- Information -
============

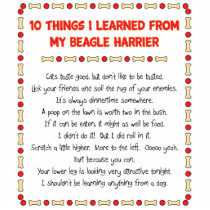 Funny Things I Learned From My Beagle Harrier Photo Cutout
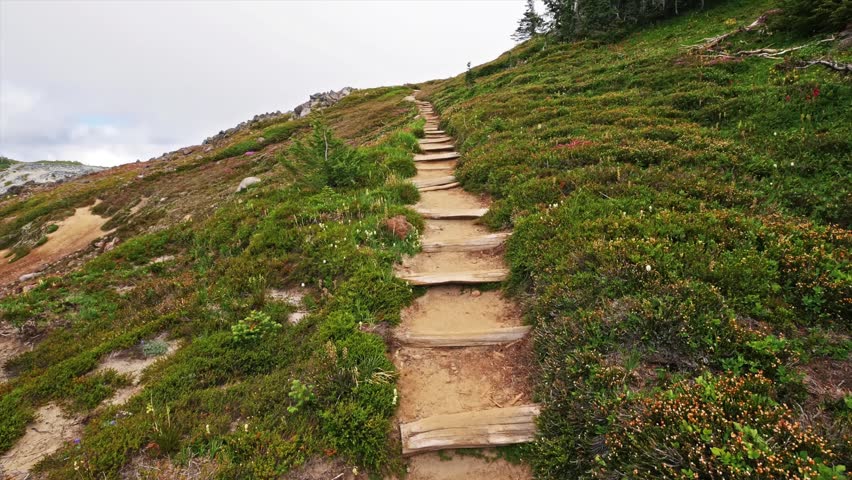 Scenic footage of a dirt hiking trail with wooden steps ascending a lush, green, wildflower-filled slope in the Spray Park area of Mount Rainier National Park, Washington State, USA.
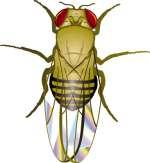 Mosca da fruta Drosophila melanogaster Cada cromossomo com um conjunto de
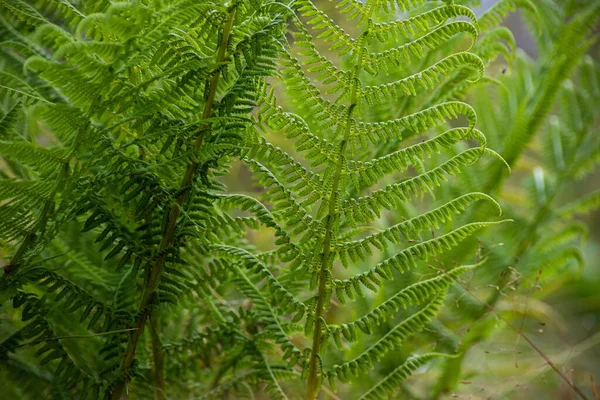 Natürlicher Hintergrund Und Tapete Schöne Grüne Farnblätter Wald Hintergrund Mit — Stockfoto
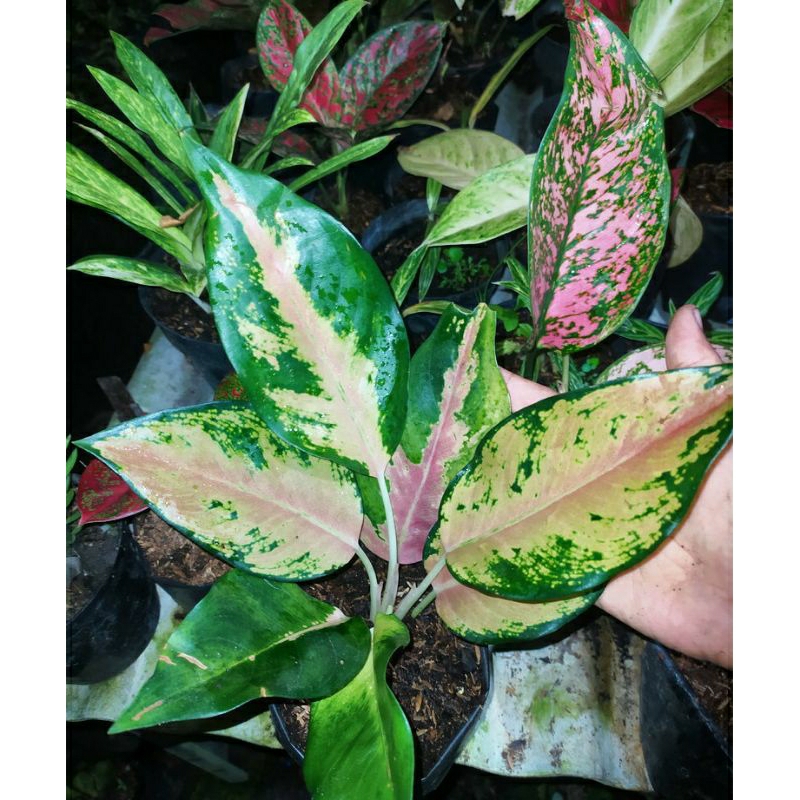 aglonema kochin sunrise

============

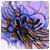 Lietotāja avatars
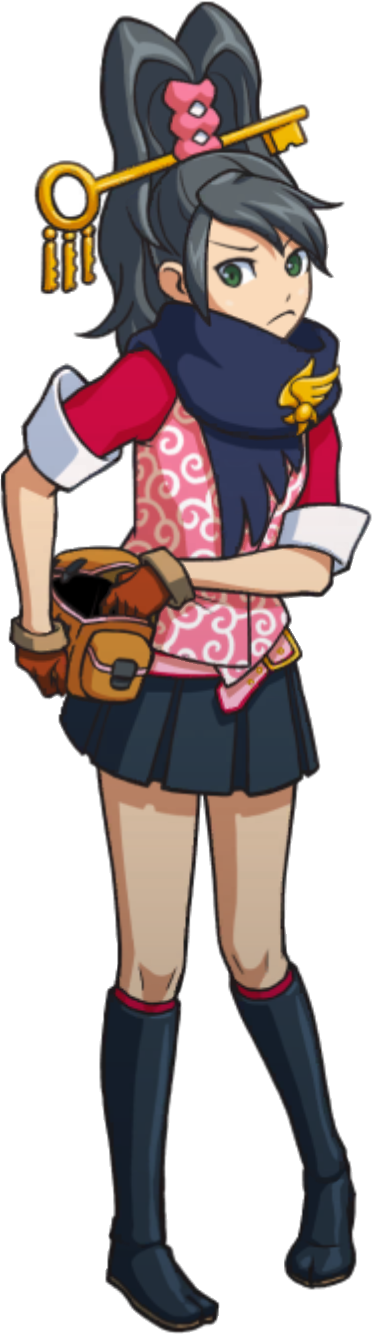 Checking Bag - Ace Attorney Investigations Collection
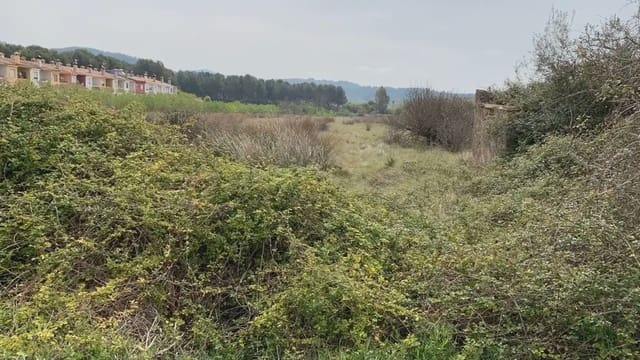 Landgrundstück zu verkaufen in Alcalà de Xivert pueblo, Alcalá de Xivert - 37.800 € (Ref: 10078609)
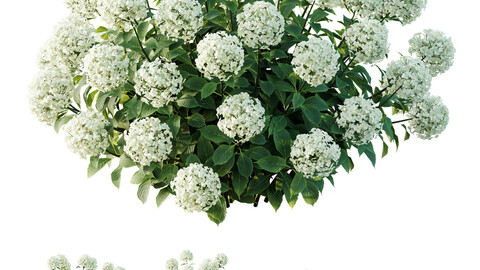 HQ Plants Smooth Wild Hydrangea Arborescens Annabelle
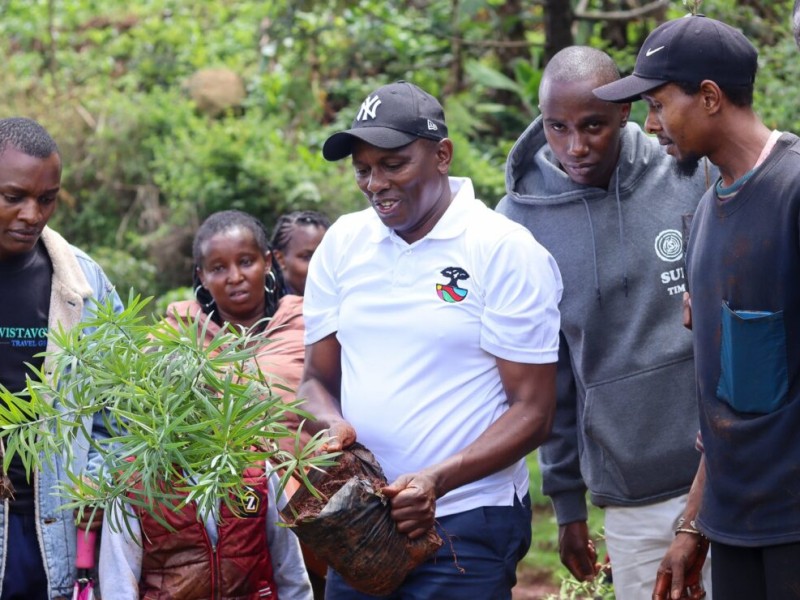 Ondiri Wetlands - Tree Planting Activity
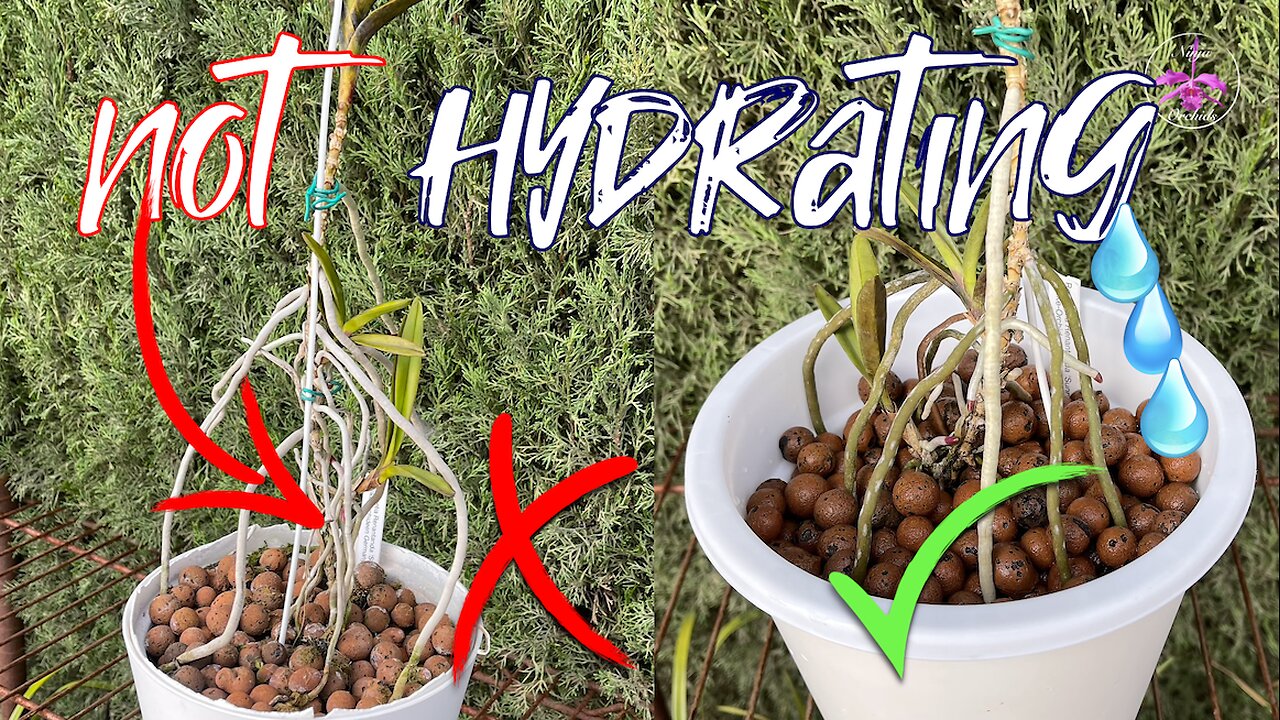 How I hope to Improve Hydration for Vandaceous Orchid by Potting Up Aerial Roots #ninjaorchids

============

- Description of the task -
If a picture sits between the line containing "Funny Things I" and the line containing "aglonema kochin sunrise", leave it out, and return the lines of that range above exactly, both ends included.

- Response for this exercise -
 Funny Things I Learned From My Beagle Harrier Photo Cutout
 Scenic footage of a dirt hiking trail with wooden steps ascending a lush, green, wildflower-filled slope in the Spray Park area of Mount Rainier National Park, Washington State, USA.
 Mosca da fruta Drosophila melanogaster Cada cromossomo com um conjunto de
 Natürlicher Hintergrund Und Tapete Schöne Grüne Farnblätter Wald Hintergrund Mit — Stockfoto
 aglonema kochin sunrise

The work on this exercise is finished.